AIM OF THE TASK
Using the data below, reproduce exactly the lines from the line with "Artikelvorschau, Giraffe Liebevolle" to the line with "8 Channel Relay", both included; pictures must be dropped.

RECORDS FOR THE EXERCISE

• • • • •

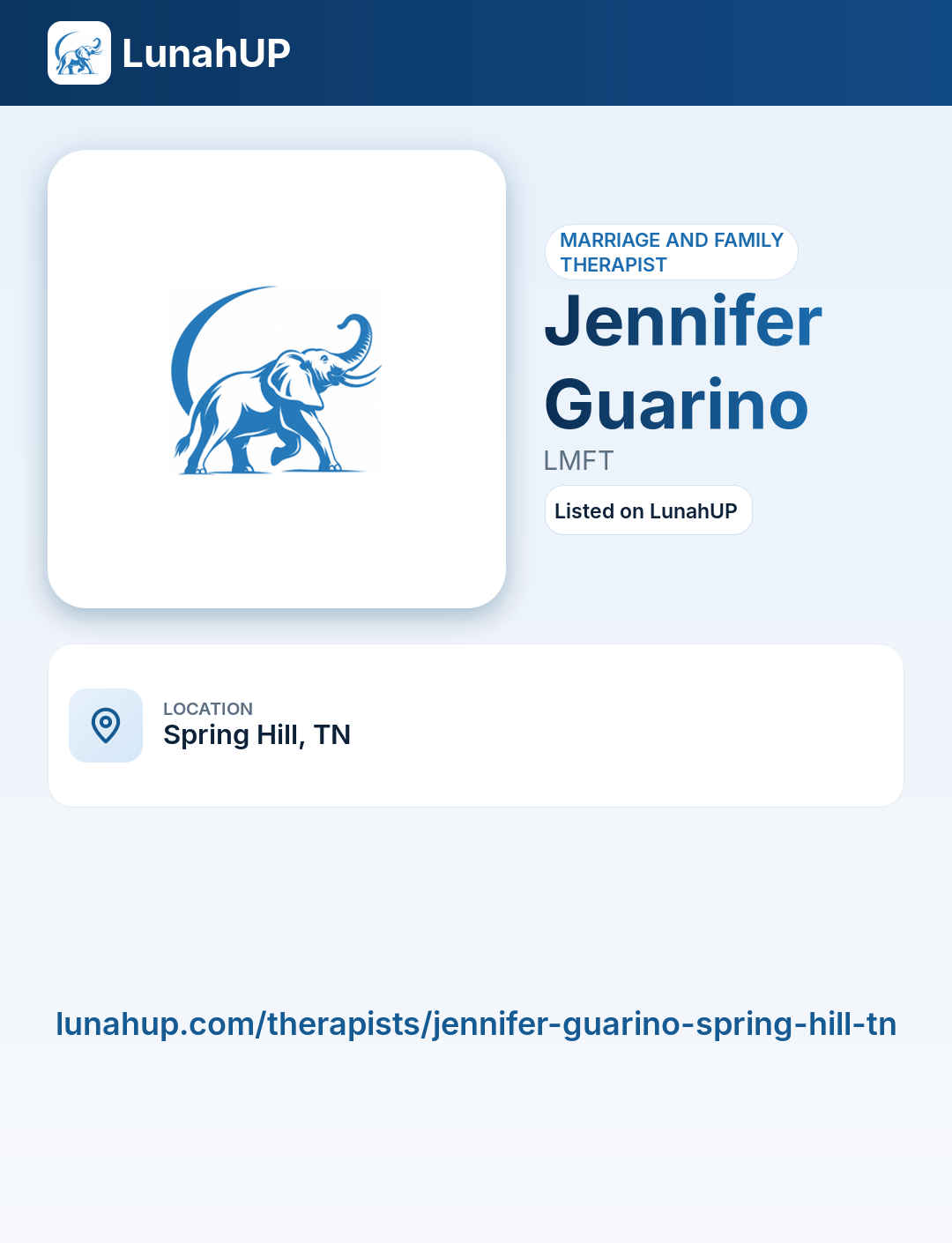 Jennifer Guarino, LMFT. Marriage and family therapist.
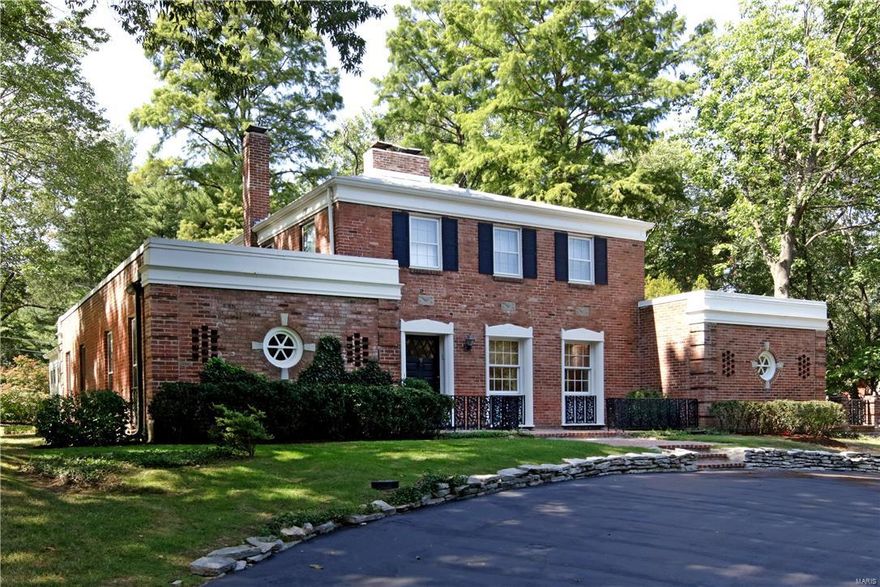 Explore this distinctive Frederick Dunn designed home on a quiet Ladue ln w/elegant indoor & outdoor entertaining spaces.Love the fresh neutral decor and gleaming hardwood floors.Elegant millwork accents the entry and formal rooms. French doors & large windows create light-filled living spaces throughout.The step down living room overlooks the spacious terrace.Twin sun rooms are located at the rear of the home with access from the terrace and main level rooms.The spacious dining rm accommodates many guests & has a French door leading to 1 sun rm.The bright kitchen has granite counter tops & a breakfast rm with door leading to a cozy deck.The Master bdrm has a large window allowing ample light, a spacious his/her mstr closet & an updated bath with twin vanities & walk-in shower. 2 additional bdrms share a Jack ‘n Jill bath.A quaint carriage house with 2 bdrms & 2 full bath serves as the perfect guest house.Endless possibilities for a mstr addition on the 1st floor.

• • • • •

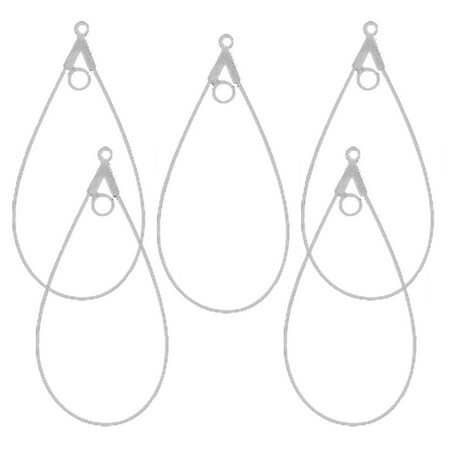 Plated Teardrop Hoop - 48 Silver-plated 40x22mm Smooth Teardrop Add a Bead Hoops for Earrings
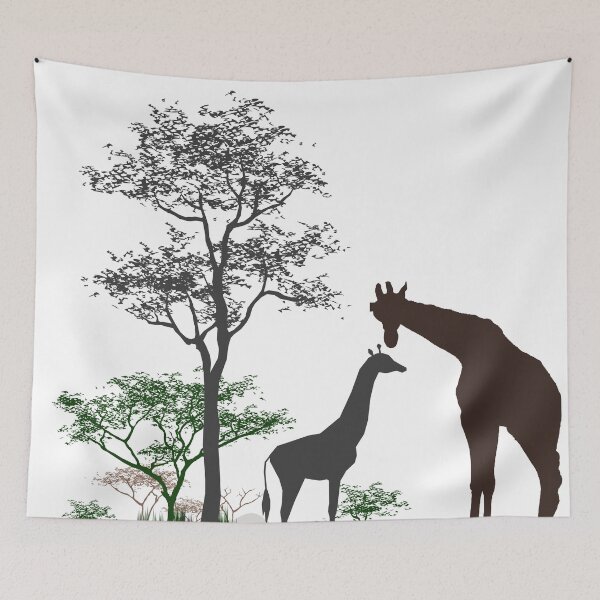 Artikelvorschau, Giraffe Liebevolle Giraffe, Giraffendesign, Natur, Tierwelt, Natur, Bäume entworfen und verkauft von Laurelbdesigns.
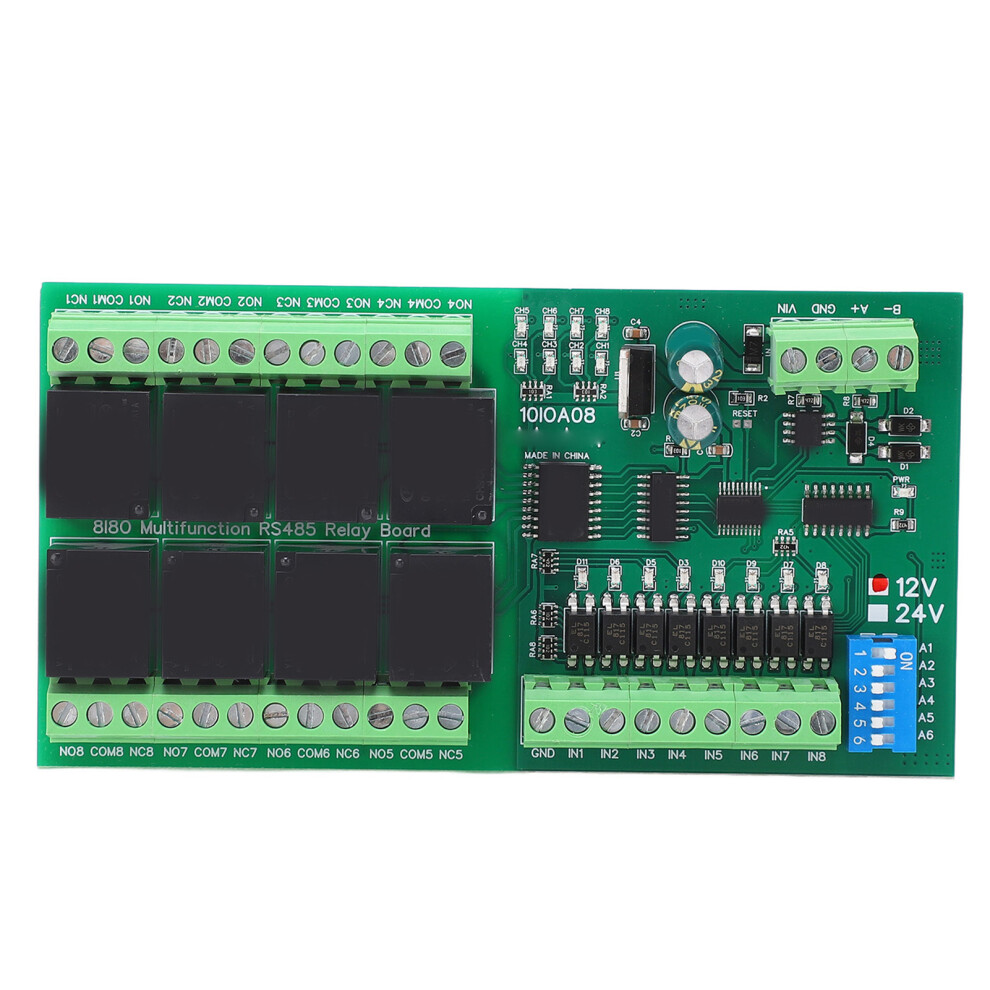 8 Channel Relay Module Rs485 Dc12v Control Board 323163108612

• • • • •

RESPONSE BELOW
 Artikelvorschau, Giraffe Liebevolle Giraffe, Giraffendesign, Natur, Tierwelt, Natur, Bäume entworfen und verkauft von Laurelbdesigns.
 8 Channel Relay Module Rs485 Dc12v Control Board 323163108612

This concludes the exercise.